Bannister nodded agreement. "He's near the end of his rope. He could see that if he were blind. When we captured Bostwick and they got a confession out of him, that started the landslide against him. It began to be noised abroad that the government was going to wipe him out. Folks began to lose their terror of him, and after that his whole outfit began to want to turn State's evidence. He isn't sure of one of them now; can't tell when he will be shot in the back by one of his own scoundrels for that two thousand dollars reward."
The foreman strolled negligently to the door. His eyes drifted indolently down into the valley, and immediately sparkled with excitement.
"The signal's out, Bann," he exclaimed. "It's in your window."
The sheepman leaped to his feet and strode to the door. Down in the valley a light was gleaming in a window. Even while he looked another light appeared in a second window.
"She wants us both," cried the foreman, running to the little corral back of the house.
He presently reappeared with two horses, both saddled, and they took the downward trail at once.
"If Miss Helen can keep him in play till we arrive," murmured Mac anxiously.
"She can if he gives her a chance, and I think he will. There's a kind of cat instinct in him to play with his prey."
"Yes, but he missed his kill last time by letting her fool him. That's what I'm afraid of' that he won't wait."
They had reached lower ground now, and could put their ponies at a pounding gallop that ate up the trail fast. As they approached the houses, both men drew rein and looked carefully to their weapons. Then they slid from the saddles and slipped noiselessly forward.
What the foreman had said was exactly true. Helen Messiter did want them both, and she wanted them very much indeed.
After supper she had been dreamily playing over to herself one of Chopin's waltzes, when she became aware, by some instinct, that she was not alone in the room. There had been no least sound, no slightest stir to betray an alien presence. Yet that some one was in the room she knew, and by some subtle sixth sense could even put a name to the intruder.
Without turning she called over her shoulder: "Shall I finish the waltz?" No faintest tremor in the clear, sweet voice betrayed the racing heart.
"Y'u're a cool hand, my friend," came his ready answer. "But I think we'll dispense with the music. I had enough last time to serve me for twice."
She laughed as she swung on the stool, with that musical scorn which both allured and maddened. "I did rather do you that time," she allowed.

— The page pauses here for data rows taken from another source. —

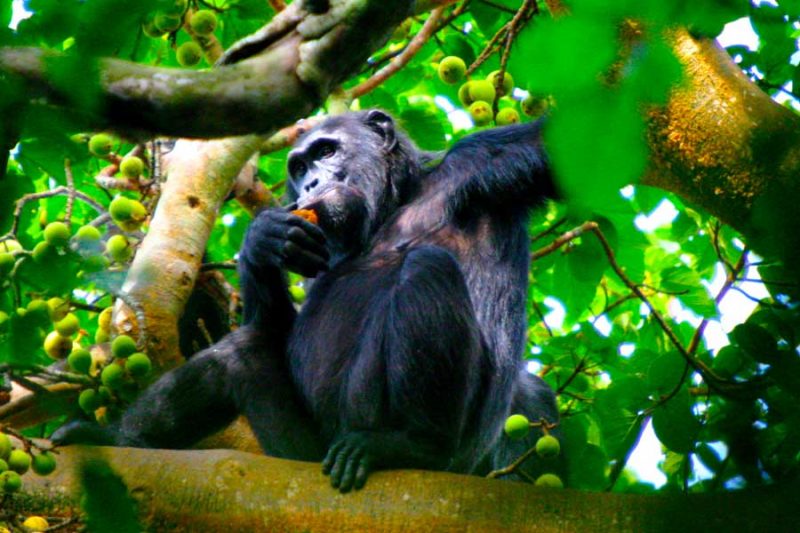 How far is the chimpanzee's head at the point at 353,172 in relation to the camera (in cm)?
487

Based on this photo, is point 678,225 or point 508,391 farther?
point 678,225

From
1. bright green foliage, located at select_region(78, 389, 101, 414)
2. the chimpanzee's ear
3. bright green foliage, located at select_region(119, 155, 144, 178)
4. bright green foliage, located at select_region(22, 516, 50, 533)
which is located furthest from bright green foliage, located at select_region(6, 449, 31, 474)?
the chimpanzee's ear

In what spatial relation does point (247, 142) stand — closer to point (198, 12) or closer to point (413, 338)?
point (198, 12)

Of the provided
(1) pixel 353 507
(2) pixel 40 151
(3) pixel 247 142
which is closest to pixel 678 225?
(3) pixel 247 142

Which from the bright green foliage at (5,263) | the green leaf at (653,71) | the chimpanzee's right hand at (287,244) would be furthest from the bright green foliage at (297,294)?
the green leaf at (653,71)

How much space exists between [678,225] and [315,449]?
7.72ft

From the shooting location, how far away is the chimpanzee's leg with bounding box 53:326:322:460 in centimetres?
434

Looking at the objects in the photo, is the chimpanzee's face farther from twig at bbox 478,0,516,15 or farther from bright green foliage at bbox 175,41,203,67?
twig at bbox 478,0,516,15

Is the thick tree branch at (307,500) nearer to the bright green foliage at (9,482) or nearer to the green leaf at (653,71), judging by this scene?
the bright green foliage at (9,482)

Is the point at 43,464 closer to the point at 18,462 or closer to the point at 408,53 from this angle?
the point at 18,462

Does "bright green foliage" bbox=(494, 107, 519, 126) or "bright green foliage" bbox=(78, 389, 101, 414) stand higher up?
"bright green foliage" bbox=(494, 107, 519, 126)

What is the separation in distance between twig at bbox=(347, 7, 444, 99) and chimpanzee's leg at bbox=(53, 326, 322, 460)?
1.73 metres

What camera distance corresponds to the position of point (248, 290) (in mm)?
4754

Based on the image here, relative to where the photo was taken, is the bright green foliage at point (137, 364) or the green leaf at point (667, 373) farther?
the bright green foliage at point (137, 364) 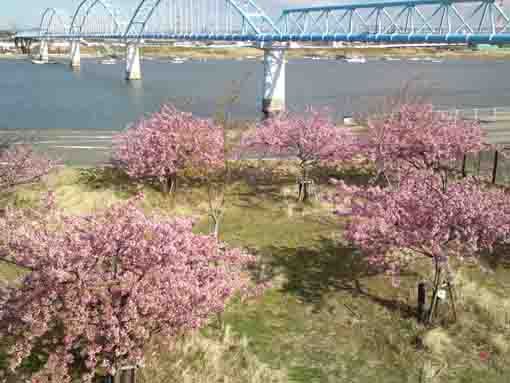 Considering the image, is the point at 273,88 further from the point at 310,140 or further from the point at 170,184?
the point at 170,184

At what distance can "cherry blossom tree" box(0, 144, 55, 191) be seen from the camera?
15297mm

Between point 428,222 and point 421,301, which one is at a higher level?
point 428,222

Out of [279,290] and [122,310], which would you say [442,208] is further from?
[122,310]

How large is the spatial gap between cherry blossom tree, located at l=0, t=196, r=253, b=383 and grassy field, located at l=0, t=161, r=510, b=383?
188cm

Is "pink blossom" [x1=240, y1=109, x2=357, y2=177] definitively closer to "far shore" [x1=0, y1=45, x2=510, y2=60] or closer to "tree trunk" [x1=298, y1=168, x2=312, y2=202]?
"tree trunk" [x1=298, y1=168, x2=312, y2=202]

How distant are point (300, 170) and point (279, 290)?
11.1m

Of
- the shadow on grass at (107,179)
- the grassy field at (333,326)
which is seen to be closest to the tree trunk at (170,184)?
the shadow on grass at (107,179)

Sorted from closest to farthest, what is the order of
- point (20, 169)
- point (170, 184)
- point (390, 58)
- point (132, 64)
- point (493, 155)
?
point (20, 169), point (170, 184), point (493, 155), point (132, 64), point (390, 58)

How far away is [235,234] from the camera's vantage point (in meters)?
16.0

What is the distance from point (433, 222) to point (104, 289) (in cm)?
633

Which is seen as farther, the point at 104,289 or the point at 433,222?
the point at 433,222

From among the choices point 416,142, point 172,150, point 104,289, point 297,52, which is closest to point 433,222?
point 104,289

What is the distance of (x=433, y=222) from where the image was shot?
34.0 feet

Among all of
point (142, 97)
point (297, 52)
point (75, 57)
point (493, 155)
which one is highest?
point (297, 52) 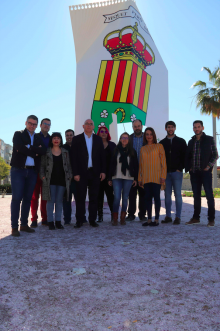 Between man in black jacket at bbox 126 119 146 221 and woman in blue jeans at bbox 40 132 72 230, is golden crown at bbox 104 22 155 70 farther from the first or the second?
woman in blue jeans at bbox 40 132 72 230

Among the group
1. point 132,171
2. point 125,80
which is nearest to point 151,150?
point 132,171

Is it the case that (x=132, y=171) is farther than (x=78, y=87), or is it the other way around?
(x=78, y=87)

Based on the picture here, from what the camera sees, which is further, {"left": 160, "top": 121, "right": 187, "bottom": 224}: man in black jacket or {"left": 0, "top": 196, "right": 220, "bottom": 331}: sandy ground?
{"left": 160, "top": 121, "right": 187, "bottom": 224}: man in black jacket

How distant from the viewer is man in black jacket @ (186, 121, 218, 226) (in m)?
4.41

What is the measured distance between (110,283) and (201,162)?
3019 millimetres

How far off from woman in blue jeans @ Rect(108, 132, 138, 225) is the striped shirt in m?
0.21

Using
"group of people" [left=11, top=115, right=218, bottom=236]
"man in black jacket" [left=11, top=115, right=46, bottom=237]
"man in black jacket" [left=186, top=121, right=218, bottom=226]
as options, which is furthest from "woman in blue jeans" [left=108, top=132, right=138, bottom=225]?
"man in black jacket" [left=11, top=115, right=46, bottom=237]

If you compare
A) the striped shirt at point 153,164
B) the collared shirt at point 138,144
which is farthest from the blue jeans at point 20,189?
the collared shirt at point 138,144

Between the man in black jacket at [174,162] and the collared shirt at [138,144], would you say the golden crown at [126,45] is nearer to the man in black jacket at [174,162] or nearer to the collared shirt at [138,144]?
the collared shirt at [138,144]

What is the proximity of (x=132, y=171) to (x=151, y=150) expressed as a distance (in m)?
0.49

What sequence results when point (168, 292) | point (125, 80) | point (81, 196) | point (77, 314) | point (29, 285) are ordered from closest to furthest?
point (77, 314) → point (168, 292) → point (29, 285) → point (81, 196) → point (125, 80)

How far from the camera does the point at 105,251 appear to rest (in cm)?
286

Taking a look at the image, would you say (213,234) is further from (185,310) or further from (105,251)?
(185,310)

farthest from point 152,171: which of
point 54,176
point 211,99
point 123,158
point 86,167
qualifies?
point 211,99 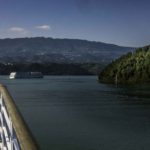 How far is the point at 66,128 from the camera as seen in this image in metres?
32.9

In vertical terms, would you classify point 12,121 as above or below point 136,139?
above

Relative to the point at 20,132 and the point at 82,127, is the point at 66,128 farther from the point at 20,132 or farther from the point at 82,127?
the point at 20,132

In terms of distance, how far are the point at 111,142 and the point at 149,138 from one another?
3.31 metres

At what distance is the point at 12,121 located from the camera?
430cm

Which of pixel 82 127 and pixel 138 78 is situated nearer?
pixel 82 127

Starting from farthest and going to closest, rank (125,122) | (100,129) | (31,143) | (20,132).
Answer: (125,122), (100,129), (20,132), (31,143)

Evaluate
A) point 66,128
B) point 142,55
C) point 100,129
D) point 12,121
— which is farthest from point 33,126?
point 142,55

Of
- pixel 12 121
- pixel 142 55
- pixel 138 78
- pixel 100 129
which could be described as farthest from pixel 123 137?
pixel 142 55

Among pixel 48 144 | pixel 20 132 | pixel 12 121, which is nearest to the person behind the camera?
pixel 20 132

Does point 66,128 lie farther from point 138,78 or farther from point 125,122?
point 138,78

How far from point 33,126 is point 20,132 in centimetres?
3066

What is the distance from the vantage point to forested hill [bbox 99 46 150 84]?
137 meters

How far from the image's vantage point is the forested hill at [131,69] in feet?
450

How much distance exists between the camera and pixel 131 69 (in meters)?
142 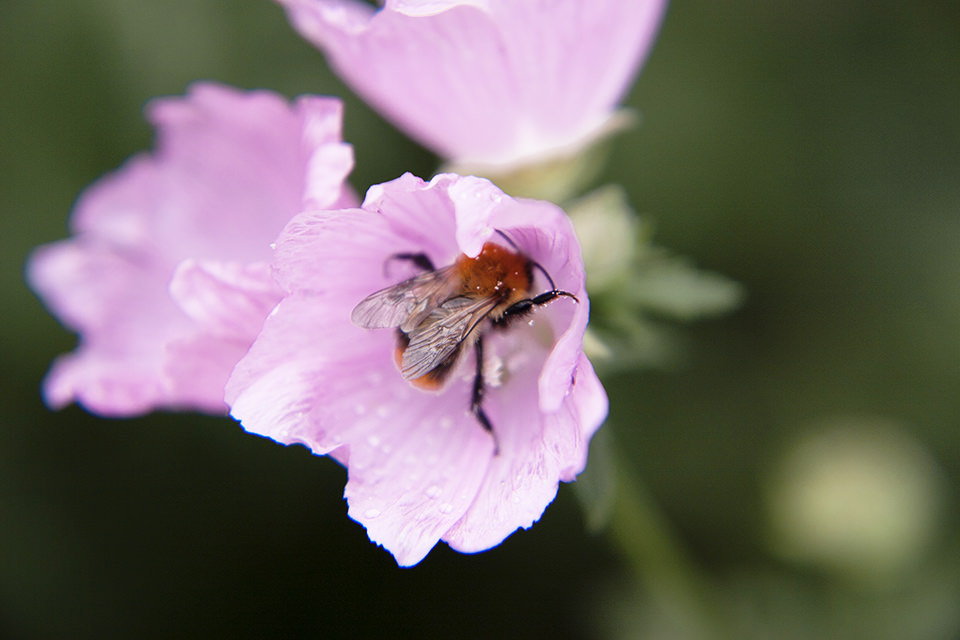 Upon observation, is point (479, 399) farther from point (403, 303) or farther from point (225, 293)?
point (225, 293)

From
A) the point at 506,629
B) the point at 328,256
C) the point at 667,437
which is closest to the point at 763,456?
the point at 667,437

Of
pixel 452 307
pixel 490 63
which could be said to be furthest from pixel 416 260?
pixel 490 63

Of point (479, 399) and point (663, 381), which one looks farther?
point (663, 381)

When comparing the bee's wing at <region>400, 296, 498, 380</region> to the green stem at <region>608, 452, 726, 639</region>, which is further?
the green stem at <region>608, 452, 726, 639</region>

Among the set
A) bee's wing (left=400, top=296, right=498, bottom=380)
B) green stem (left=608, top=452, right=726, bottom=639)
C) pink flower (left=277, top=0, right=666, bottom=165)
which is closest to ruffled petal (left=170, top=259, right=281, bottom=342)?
bee's wing (left=400, top=296, right=498, bottom=380)

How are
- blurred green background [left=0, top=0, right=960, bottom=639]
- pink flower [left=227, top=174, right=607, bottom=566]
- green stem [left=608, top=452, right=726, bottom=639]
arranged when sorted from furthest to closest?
blurred green background [left=0, top=0, right=960, bottom=639] → green stem [left=608, top=452, right=726, bottom=639] → pink flower [left=227, top=174, right=607, bottom=566]

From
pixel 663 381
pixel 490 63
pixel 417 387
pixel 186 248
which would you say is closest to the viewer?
pixel 417 387

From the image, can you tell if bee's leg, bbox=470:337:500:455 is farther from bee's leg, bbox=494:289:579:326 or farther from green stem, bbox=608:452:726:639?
green stem, bbox=608:452:726:639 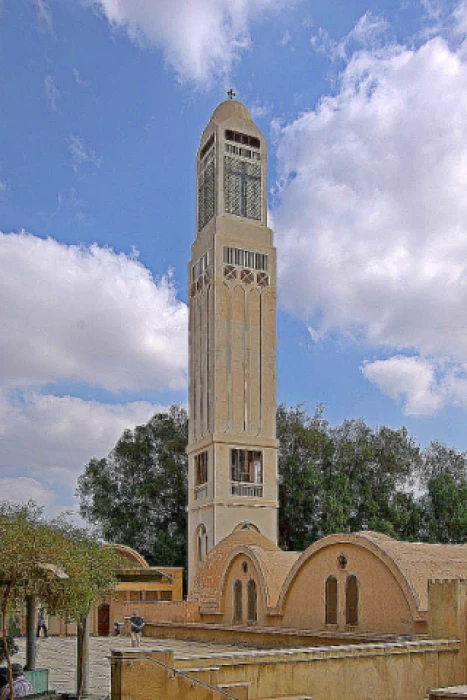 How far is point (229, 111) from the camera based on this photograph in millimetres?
44250

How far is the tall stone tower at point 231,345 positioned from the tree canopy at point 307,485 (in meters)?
5.45

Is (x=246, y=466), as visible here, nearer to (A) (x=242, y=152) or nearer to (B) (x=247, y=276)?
(B) (x=247, y=276)

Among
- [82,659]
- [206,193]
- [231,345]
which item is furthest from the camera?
[206,193]

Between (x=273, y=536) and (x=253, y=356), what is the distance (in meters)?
8.46

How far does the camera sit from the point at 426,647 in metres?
15.3

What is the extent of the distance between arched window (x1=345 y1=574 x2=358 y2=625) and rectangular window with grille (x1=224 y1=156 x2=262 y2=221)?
80.8 ft

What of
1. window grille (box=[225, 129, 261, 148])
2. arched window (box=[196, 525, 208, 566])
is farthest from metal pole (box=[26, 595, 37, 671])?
window grille (box=[225, 129, 261, 148])

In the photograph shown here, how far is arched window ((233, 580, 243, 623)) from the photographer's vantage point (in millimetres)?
27141

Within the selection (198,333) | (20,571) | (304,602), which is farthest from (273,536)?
(20,571)

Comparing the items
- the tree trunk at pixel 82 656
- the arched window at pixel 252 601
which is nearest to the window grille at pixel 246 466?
the arched window at pixel 252 601

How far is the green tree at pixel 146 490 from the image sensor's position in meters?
45.8

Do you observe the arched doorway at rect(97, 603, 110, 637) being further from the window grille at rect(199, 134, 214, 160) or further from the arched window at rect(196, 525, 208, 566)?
the window grille at rect(199, 134, 214, 160)

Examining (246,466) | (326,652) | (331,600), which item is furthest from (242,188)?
(326,652)

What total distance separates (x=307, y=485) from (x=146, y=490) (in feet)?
28.7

"This is the return match. You won then. I win now," he told her, with a look that chilled.
"Indeed! But isn't that rather discounting the future?"
"Only the immediate future. Y'u're mine, my beauty, and I mean to take y'u with me."
Just a disdainful sweep of her eyes she gave him as she rose from the piano-stool and rearr
anged the lamps. "You mean so much that never comes to pass, Mr. Bannister. The road to the nether regions is paved with good intentions, we are given to understand. Not that yours can by any stretch of imagination be called 'good intentions.'"
"Contrariwise, then, perhaps the road to heaven may be paved with evil intentions. Since y'u travel the road with me, wherever it may lead, it were but gallant to hope so."
He took three sharp steps toward her and stood looking down in her face, her sweet slenderness so close to him that the perfume mounted to his brain. Surely no maiden had ever been more desirable than this one, who held him in such contemptuous estimation that only her steady eyes moved at his approach. These held to his and defied him, while she stood leaning motionless against the table with such strong and supple grace. She knew what he meant to do, hated him for it, and would not give him the satisfaction of flying an inch from him or struggling with him.